Поскольку советское государство было идеократическим, его легитимация и поддержание гегемонии опирались именно на авторитет символов и священных идей, а не на политический рынок индивидуального голосования. Во время перестройки идеологи перешли от «молекулярного» разъедания мира символов, который вели «шестидесятники», к его открытому штурму. Этот штурм был очень эффективным.
Важное отличие теории революции Грамши от марксистской и ленинской теорий было и то, что Грамши преодолел свойственный историческому материализму прогрессизм. И Маркс, и Ленин отвергали саму возможность революций регресса. Такого рода исторические процессы в их концепциях общественного развития выглядели как реакция или контрреволюция. Как видно из учения о гегемонии, любое государство, в том числе прогрессивное, может не справиться с задачей сохранения своей культурной гегемонии, если исторический блок его противников обладает новыми, более эффективными средствами агрессии в культурное ядро общества.
У Грамши перед глазами был опыт фашизма, который применил средства манипуляции сознанием, относящиеся уже к эпохе постмодерна и подорвал гегемонию буржуазной демократии – совершил типичную революцию регресса. Но теория истмата оказалась не готова к такому повороту событий. Недаром немецкий философ Л. Люкс после опыта фашизма писал: “Благодаря работам Маркса, Энгельса, Ленина было гораздо лучше известно об экономических условиях прогрессивного развития, чем о регрессивных силах”. При этом, опять же, подрыв культурных устоев, которые могли бы противостоять соблазнам фашизма, проводился силами интеллигенции. Л. Люкс замечает: «Именно представители культурной элиты в Европе, а не массы, первыми поставили под сомнение фундаментальные ценности европейской культуры. Не восстание масс, а мятеж интеллектуальной элиты нанес самые тяжелые удары по европейскому гуманизму, писал в 1939 г. Георгий Федотов».
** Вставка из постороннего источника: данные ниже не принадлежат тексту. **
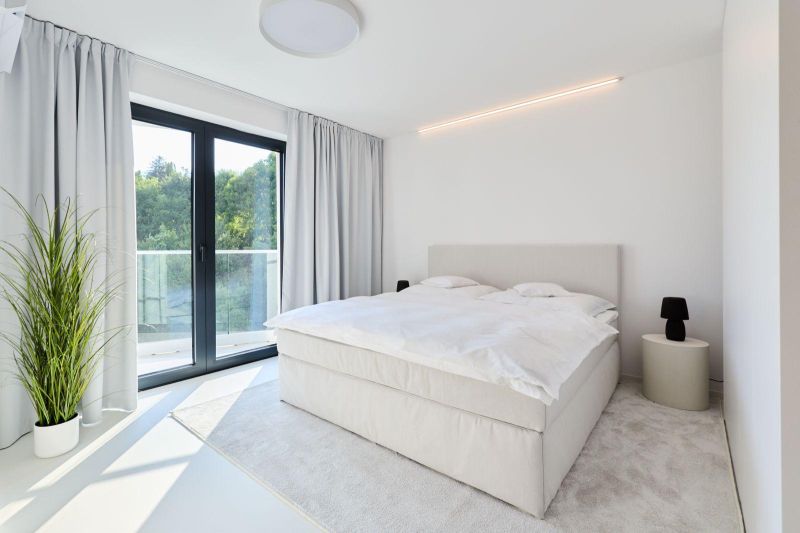A bedroom with a light bed, curtains, carpet, and a balcony in a 4-room apartment.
Более того, элита советских коммунистов, получившая в 30-е годы образование, основанное на прогрессистских постулатах Просвещения (в версии исторического материализма), долго не могла поверить, что в Европе может произойти такой сдвиг в сфере сознания. Это не позволило осознать угрозу фашизма в полном объеме. Это особо подчеркивает Л. Люкс: «После 1917 г. большевики попытались завоевать мир и для идеала русской интеллигенции – всеобщего равенства, и для марксистского идеала – пролетарской революции. Однако оба эти идеала не нашли в „капиталистической Европе“ межвоенного периода того отклика, на который рассчитывали коммунисты. Европейские массы, прежде всего в Италии и Германии, оказались втянутыми в движения противоположного характера, рассматривавшие идеал равенства как знак декаданса и утверждавшие непреодолимость неравенства рас и наций. Восхваление неравенства и иерархического принципа правыми экстремистами было связано, прежде всего у национал-социалистов, с разрушительным стремлением к порабощению или уничтожению тех людей и наций, которые находились на более низкой ступени выстроенной ими иерархии. Вытекавшая отсюда политика уничтожения, проводившаяся правыми экстремистами, и в первую очередь национал-социалистами, довела до абсурда как идею национального эгоизма, так и иерархический принцип».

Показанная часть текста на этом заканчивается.